The custom bike scene, along with the legions of ‘modern classic’ bikes it’s spawned, has invigorated motorcycling. Beyond the cafés, scramblers and choppers that adorn our Instagram feeds, this retro aesthetic has even crossed over to the mainstream, making moto culture global, fashionable… and aspirational. What is it that attracts us to motorcycling’s mythic past? In this episode, I talk to Hugh Francis Anderson, a young British writer with a passion for bikes and a provocative take on what it means to motorcyclists, and maybe everyone else, too.

Show Notes

Hugh Francis Anderson might have the best job in the world. You can learn more about him and read more of his work by visiting his web site. The article that originally caught my eye is here. It’s a short piece, but I was intrigued that it touched on some themes that most motorcycle writers avoid when it comes to customs, and Hugh’s generational perspective and London roots made him an especially fun interview for this topic.

Our conversation referenced a bunch of brands from the custom scene. Here’s a few of the major ones:

This is Untitled Motorcycles, the London custom shop Hugh mentioned when he spoke about his discovery of this scene. And here’s Blitz Motorcycles, the Paris custom shop that seems to have led the way for legions of interesting European builders.

Two hipster hangouts spawned by the custom scene came up in our conversation: London’s The Bike Shed, and Deus Ex Machina’s Emporium of Postmodern Activities in Los Angeles.

Spain’s El Solitario are, maybe… post-post-modern? Is that a thing? Anyway, their work is among the most polarizing in the custom scene, and while I don’t love all their bikes,  I do love their attitude.

Hugh mentioned a UK brand of moto luggage and clothing, Malle, which I hadn’t heard of, so I looked it up. It’s pretty cool.

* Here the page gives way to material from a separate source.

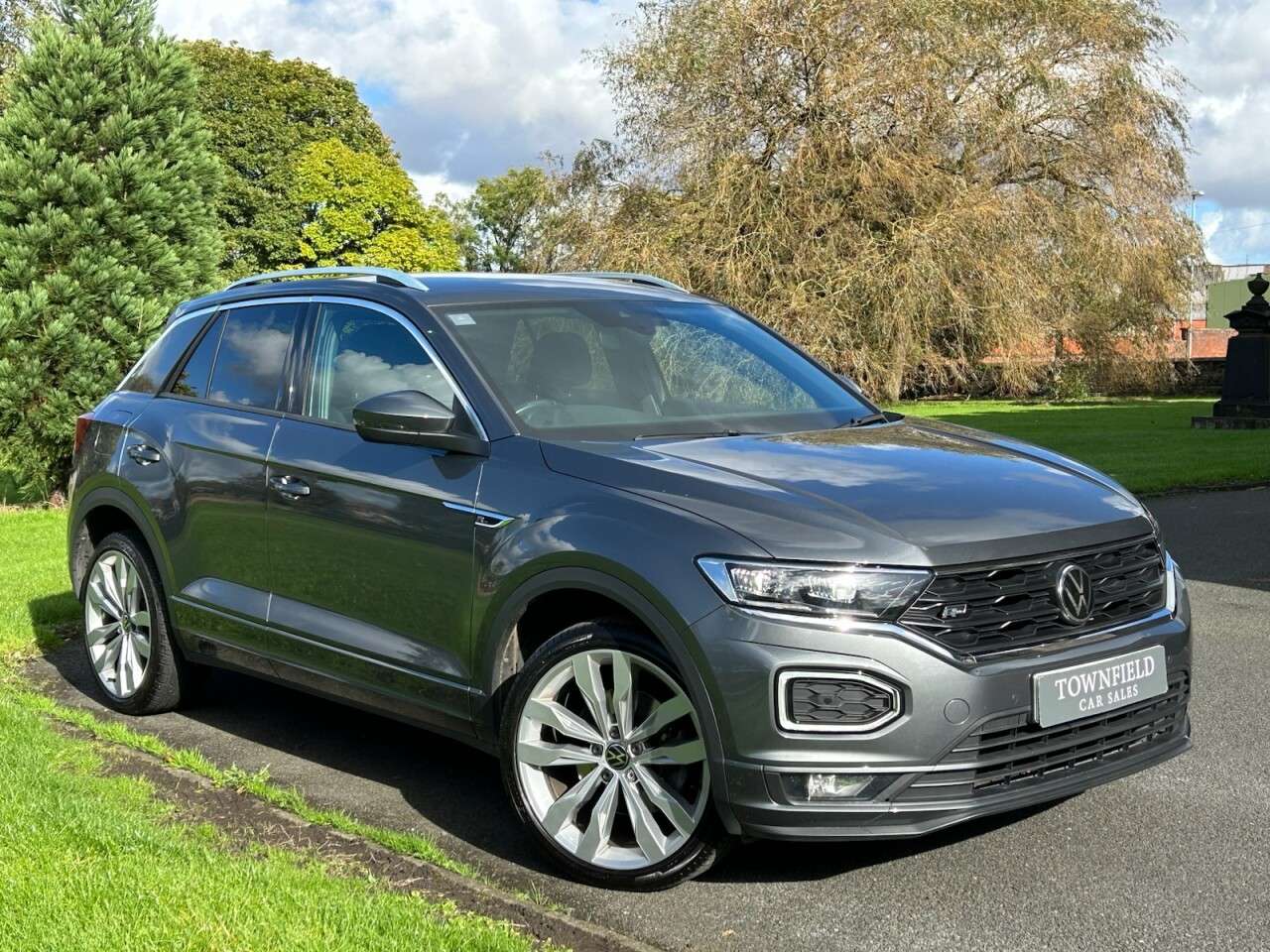 A 2021 VOLKSWAGEN T-ROC 1.5 TSI GPF EVO R-Line SUV 5dr Petrol Manual Euro 6 (s/s) (150 ps) PARKING A 2021 VOLKSWAGEN T-ROC 1.5 TSI GPF EVO R-Line SUV 5dr Petrol Manual Euro 6 (s/s) (150 ps) PARKING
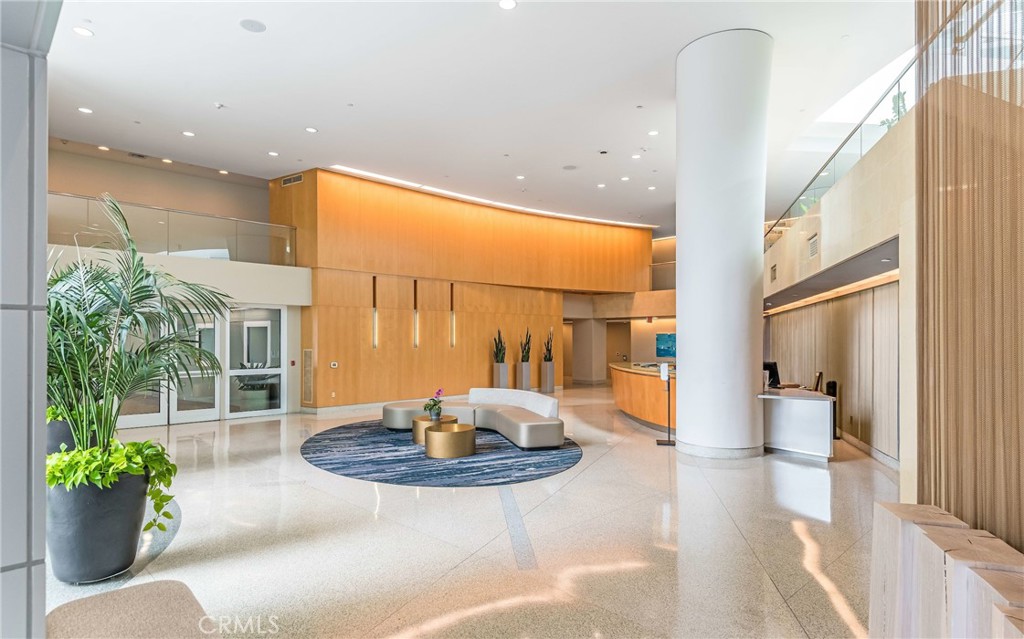 13600 marina Pointe Drive 414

I mentioned Brooklyn’s Union Garage in the context of the Distinguished Gentleman’s Ride. I love these guys; they were a bit of a gateway drug for me. Check out the DGR next year. It’s a worthy cause to ride for.

Here’s the stunning Brough Superior, the best bike Hugh had seen all year. No words.

And finally, our TML Playlist selection, Daytona ’69, was selected for us by – and used with the kind permission of – Blue Mercury Coupe. You can discover the band and add this track to your collection here. Thanks Steve,  you rock.

With great sadness, this episode is dedicated to my Dad, who passed away while we were in production. Dad rode bikes until he was nearly 80, and though he was quieter about his passions than I am, it left an indelible impression. Chin on the tank, Dad.